Session 4: Layout & Fabrication¶
Assignment 1 — Block Diagram: RGB Mixer¶
For my chip project I chose to build an RGB Mixer — a chip that uses 3 rotary encoders to independently control the brightness of Red, Green, and Blue LEDs through PWM signals. Inspired by the silicon-proven RGB Mixer on Tiny Tapeout (tt05, Matt Venn).
The architecture has 3 identical parallel channels, one for each color:
Encoder → Debounce → Counter → PWM Generator → LED
- Encoder — a rotary encoder generates two signals (A and B). Direction and speed of rotation determines how the value changes.
- Debounce — mechanical encoders produce noisy signals. This block filters the noise and produces clean transitions.
- Counter — keeps track of encoder position as an 8-bit value (0–255). Turning up increments, turning down decrements.
- PWM Generator — converts the 8-bit counter value into a PWM signal. Higher value = longer duty cycle = brighter LED.
- Clock (10 MHz) — synchronizes all three counter modules for consistent timing across channels.

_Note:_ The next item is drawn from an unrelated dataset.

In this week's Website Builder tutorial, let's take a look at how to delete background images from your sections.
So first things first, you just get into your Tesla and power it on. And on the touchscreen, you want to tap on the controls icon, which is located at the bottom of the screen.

The three channels operate independently — any combination of red, green, and blue can be mixed. Like mixing paint, but with electricity.

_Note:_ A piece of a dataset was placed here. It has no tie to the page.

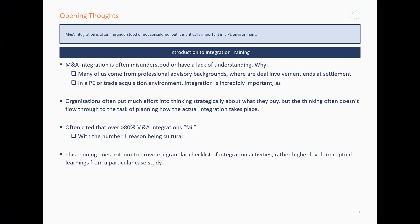Let's cover some opening thoughts about integration. Integration is a really simple concept — you're bringing two companies together, merging the systems, the people, the processes, everything. But it's also incredibly complicated for a couple of reasons. Number one, it's really often misunderstood. Many of us come from professional advisory backgrounds — whether you're a lawyer, from Big Four, from bulge bracket investment banking, private equity, management consulting — these are advisory backgrounds.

Assignment 2 — Exploring sky130_fd_sc_hd__inv_1 in KLayout¶
I opened the Sky130 standard cell library in KLayout:
klayout /foss/pdks/ciel/sky130/versions/54435919abffb937387ec956209f9cf5fd2dfbee/sky130A/libs.ref/sky130_fd_sc_hd/gds/sky130_fd_sc_hd.gds
Found sky130_fd_sc_hd__inv_1 in the Cells panel, right-clicked and selected “Show as new top”. After hiding empty layers, layer numbers became visible in GDS layer.datatype format (e.g. 68/20).
| Layer | GDS | What I saw |
|---|---|---|
| Metal | 68/20 | Power rails (VDD top, GND bottom) and output connection |
| Poly | 66/20 | Transistor gate — thin vertical strip through the middle |
| N+ Diffusion | 93/44 | Source/drain of NMOS transistor in lower half |
| P+ Diffusion | 94/20 | Source/drain of PMOS transistor in upper half |
Where poly crosses diffusion, a transistor is formed. Together these layers make a complete CMOS inverter — one PMOS pull-up and one NMOS pull-down sharing the same poly gate.
Assignment 3 — Comparing inv_1 and dfxtp_1¶
For the RGB Mixer PWM Generator, the most important standard cell is the D flip-flop (sky130_fd_sc_hd__dfxtp_1). I opened it in KLayout and compared the same four layers.
Poly (66/20)
The inverter had a single gate line. The flip-flop has approximately 12 gate structures — forming the D-latch and feedback inverter chain inside.
P+ Diffusion (94/20)
Instead of a simple rectangle, the flip-flop shows a large irregular shape with notches — each notch is where a poly gate crosses the diffusion to form a PMOS transistor.
Metal (68/20)
Same VDD and GND rails at top and bottom, but the flip-flop also has two internal horizontal metal wires connecting the D input through the latch to the Q output.
N+ Diffusion (93/44)
One large rectangle in the lower half of the cell, covering all NMOS transistors together.
Conclusion
An inverter uses 2 transistors. A D flip-flop uses approximately 20 transistors. The PWM Generator in the RGB Mixer needs 8 flip-flops for the 8-bit counter — roughly 160 transistors just for one color channel. Three channels means around 480 transistors for the counters alone.
What I learned¶
Looking at a chip layout makes the abstraction concrete. A single standard cell is 1–2 µm wide. The flip-flop is about 10× more complex than the inverter, which explains why synthesizing a design with lots of state (flip-flops) uses more area than combinational logic.
The power rails (VDD and GND) run horizontally through every cell at the same height. This is how the standard cell row system works — cells snap together and the power rails connect automatically.